The data Start Marker

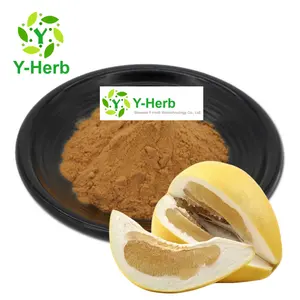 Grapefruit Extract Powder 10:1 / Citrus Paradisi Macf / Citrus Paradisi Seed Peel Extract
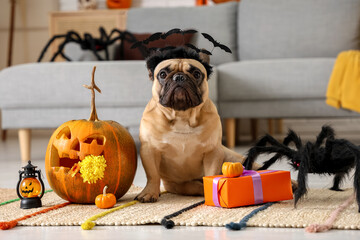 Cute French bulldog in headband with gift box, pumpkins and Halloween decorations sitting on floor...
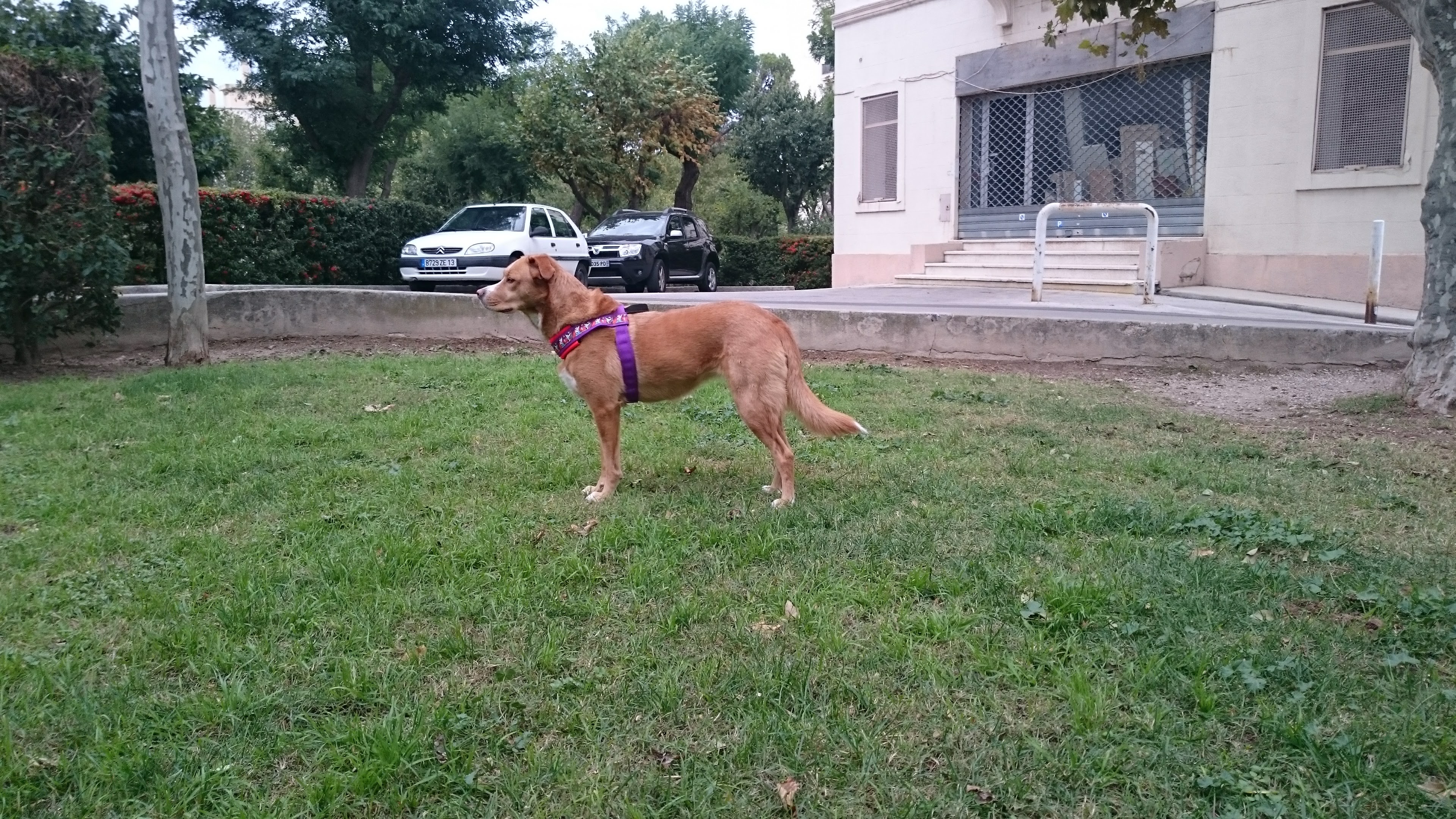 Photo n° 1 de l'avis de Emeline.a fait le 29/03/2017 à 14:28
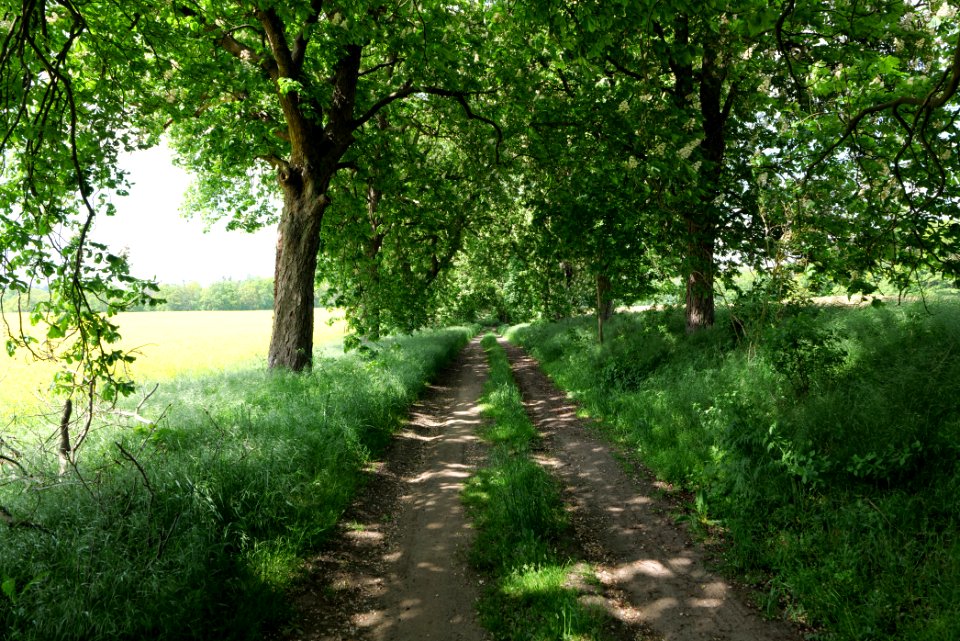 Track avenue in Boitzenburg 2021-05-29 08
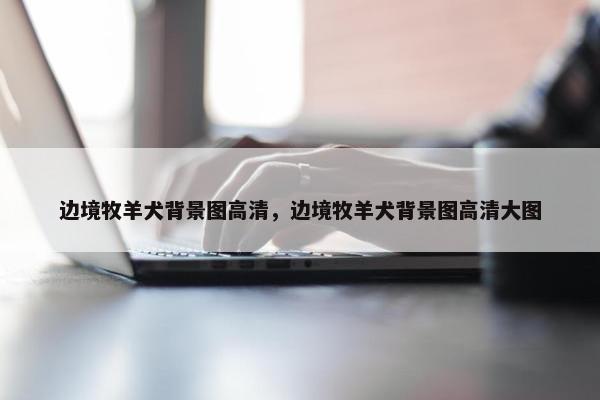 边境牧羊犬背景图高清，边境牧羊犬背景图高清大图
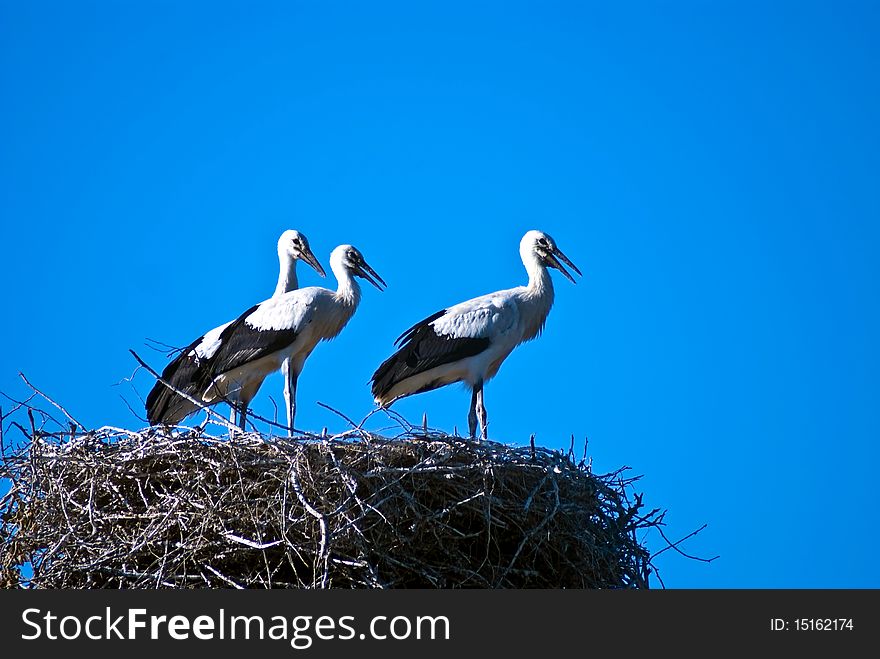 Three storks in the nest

The data End Marker
The data Start Marker

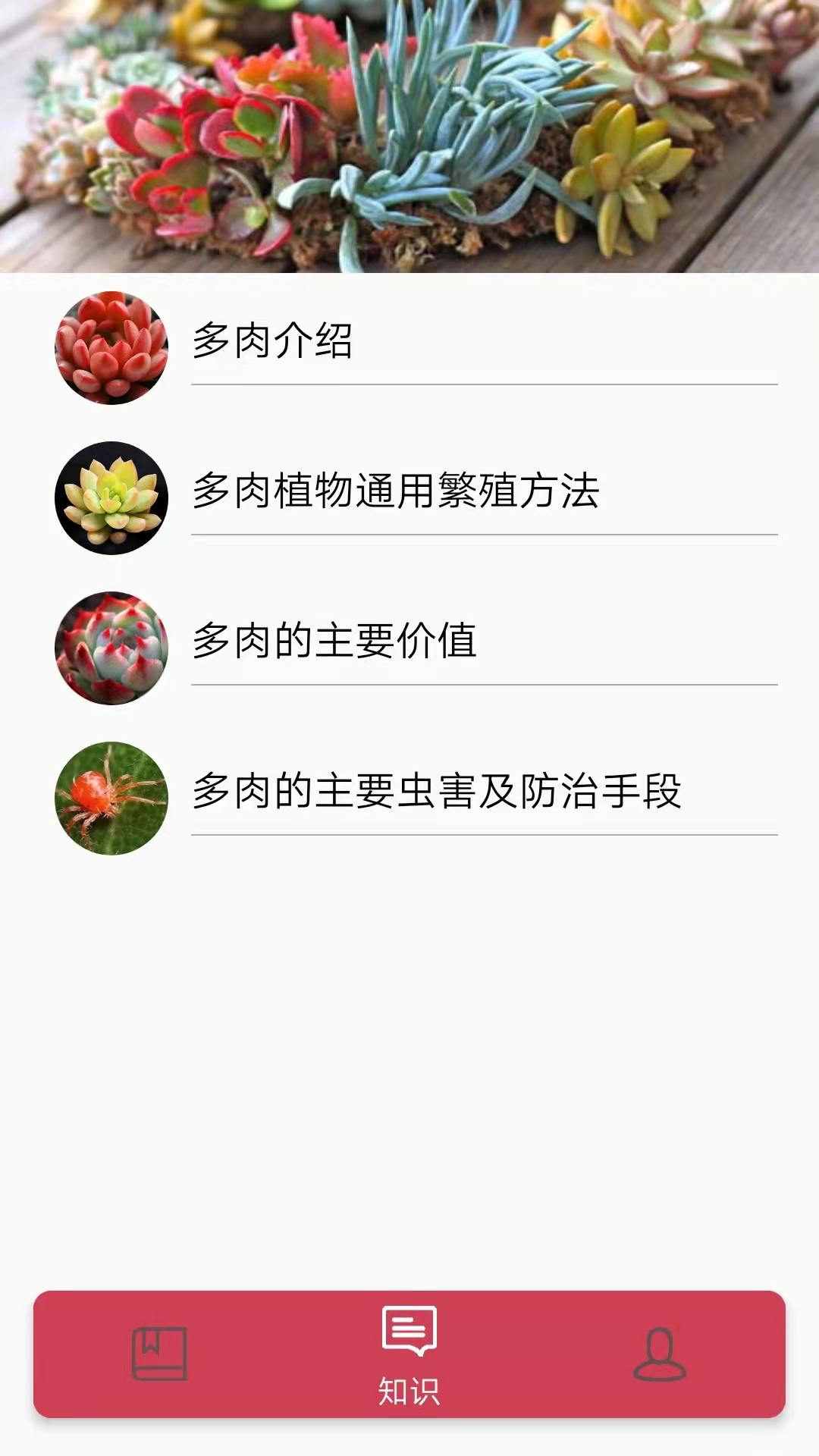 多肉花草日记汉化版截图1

The data End Marker

* _Your goal_: Each line between the one holding "Grapefruit Extract Powder" and the one holding "Three storks in the nest", inclusive, should be copied exactly as it appears above, and pictures should be omitted.

* _Result_:
 Grapefruit Extract Powder 10:1 / Citrus Paradisi Macf / Citrus Paradisi Seed Peel Extract
 Cute French bulldog in headband with gift box, pumpkins and Halloween decorations sitting on floor...
 Photo n° 1 de l'avis de Emeline.a fait le 29/03/2017 à 14:28
 Track avenue in Boitzenburg 2021-05-29 08
 边境牧羊犬背景图高清，边境牧羊犬背景图高清大图
 Three storks in the nest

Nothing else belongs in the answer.